**Recorded information**
※

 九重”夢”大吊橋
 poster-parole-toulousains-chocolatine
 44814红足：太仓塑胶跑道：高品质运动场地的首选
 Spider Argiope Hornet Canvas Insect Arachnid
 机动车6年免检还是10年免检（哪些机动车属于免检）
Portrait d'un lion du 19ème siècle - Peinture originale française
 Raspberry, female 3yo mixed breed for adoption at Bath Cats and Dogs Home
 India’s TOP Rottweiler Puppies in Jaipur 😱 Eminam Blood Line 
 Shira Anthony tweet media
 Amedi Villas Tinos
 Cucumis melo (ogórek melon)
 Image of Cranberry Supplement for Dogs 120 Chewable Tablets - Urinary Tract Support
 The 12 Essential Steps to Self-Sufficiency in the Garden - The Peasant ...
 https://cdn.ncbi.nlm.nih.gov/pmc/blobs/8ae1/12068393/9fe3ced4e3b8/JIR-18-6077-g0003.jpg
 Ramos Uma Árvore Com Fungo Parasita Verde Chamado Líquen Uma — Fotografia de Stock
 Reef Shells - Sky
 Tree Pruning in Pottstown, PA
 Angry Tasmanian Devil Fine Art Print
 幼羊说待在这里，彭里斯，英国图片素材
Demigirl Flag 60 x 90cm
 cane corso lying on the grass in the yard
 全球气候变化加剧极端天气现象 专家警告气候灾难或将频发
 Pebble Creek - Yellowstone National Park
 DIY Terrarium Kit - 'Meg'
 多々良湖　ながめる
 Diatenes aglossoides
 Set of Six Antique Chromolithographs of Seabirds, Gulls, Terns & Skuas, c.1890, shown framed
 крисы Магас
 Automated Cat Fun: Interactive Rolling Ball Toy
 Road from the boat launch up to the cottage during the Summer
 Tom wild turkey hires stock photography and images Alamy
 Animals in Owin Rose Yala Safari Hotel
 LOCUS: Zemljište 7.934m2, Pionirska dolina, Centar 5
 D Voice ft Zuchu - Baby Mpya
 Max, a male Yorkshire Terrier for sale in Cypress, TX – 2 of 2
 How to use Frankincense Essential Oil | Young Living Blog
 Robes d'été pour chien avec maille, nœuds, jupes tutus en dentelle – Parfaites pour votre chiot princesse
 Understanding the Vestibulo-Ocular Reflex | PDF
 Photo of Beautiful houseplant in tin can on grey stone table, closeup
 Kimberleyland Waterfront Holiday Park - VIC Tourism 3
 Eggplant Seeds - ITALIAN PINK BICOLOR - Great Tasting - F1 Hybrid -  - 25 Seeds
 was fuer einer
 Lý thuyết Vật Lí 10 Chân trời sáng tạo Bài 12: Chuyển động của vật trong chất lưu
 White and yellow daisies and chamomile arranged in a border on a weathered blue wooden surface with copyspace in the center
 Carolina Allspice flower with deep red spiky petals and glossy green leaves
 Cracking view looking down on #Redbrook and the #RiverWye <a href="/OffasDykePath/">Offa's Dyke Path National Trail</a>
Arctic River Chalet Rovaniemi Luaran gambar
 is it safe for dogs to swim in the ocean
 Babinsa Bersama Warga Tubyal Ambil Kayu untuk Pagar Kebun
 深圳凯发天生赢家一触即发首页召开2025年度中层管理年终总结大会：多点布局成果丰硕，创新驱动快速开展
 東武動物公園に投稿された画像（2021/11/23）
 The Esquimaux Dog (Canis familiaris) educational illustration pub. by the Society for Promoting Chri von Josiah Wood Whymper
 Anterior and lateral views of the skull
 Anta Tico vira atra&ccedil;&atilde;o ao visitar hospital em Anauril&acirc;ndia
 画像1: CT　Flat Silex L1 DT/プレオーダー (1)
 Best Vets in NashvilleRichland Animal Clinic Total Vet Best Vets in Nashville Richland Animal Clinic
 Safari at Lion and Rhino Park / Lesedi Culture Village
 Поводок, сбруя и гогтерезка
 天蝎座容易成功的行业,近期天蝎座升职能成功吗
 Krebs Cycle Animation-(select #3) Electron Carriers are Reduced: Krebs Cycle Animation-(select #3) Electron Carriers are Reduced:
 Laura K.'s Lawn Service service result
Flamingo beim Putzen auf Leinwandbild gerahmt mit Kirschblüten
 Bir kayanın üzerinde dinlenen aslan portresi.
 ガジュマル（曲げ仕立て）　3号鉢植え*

※

**Action item**
The word "Park" occurs on certain lines of the material; count those lines and respond with the number only.

**Answer to the exercise**
3